This story was originally published by The Guardian and appears here as part of the Climate Desk collaboration.

A key United Nations biodiversity summit has been delayed for a third time due to the pandemic, the Chinese environment ministry has announced, as environmentalists pledged the delay would “not mean taking our foot off the pedal.”

In a statement, the Chinese ministry of ecology and environment confirmed that COP15, the biggest biodiversity summit in a decade, would be delayed and negotiations for this decade’s targets will be split into two phases, so governments can meet face-to-face in Kunming, China, in the first half of 2022.

The talks had been scheduled for October this year after two previous delays due to the coronavirus pandemic. The first phase of the meeting, which will be largely procedural, will be held in the Chinese city between Oct. 11 and Oct. 15, with most people attending virtually. Countries will then negotiate the targets for the global biodiversity framework that governments will aim to meet by the end of the decade in Kunming from April 25 to May 8, 2022.
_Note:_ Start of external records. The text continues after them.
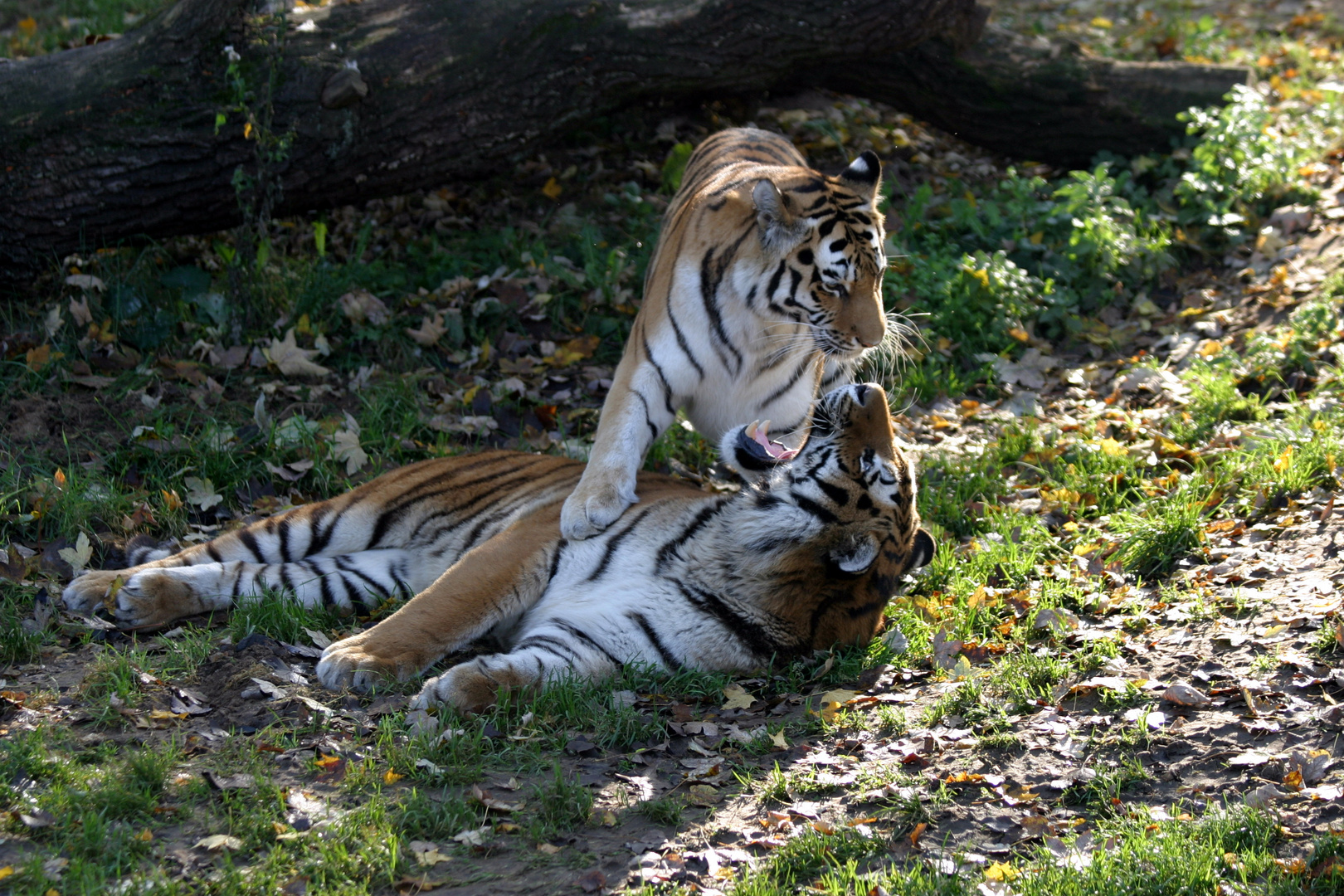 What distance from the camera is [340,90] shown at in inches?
218

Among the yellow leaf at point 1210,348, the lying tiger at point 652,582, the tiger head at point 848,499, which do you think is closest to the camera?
the lying tiger at point 652,582

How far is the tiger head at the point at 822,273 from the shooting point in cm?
433

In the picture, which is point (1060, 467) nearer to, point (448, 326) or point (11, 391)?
point (448, 326)

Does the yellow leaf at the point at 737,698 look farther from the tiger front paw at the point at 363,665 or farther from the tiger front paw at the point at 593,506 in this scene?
the tiger front paw at the point at 363,665

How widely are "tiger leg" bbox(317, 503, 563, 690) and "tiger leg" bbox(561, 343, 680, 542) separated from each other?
15 cm

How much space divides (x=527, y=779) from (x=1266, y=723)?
6.64 ft

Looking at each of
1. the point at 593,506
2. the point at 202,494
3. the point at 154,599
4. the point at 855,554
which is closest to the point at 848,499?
the point at 855,554

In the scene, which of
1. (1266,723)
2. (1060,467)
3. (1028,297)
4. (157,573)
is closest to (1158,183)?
(1028,297)

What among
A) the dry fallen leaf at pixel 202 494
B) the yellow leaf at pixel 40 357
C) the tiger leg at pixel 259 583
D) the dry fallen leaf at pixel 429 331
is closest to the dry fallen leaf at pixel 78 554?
the tiger leg at pixel 259 583

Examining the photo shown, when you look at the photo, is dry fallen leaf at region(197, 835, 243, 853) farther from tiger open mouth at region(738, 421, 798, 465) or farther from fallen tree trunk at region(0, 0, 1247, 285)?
fallen tree trunk at region(0, 0, 1247, 285)

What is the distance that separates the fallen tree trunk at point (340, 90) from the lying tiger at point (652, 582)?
7.25ft

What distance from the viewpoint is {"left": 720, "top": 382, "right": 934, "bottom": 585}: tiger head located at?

The draft text of the framework includes proposals to reduce pesticide use by two-thirds, eliminate plastic pollution and protect 30 per cent of the Earth’s land and sea.

In a statement, the Chinese environment ministry said it would continue to work with the UN to overcome the impact of the pandemic and fulfil its obligations as a host country.

Li Shuo, a policy adviser for Greenpeace China who has been following the biodiversity negotiations closely, said: “Given the urgency of the biodiversity crisis, the decision to delay talks is not ideal. But in light of the global pandemic and the need for face-to-face negotiations, it is an inevitable choice.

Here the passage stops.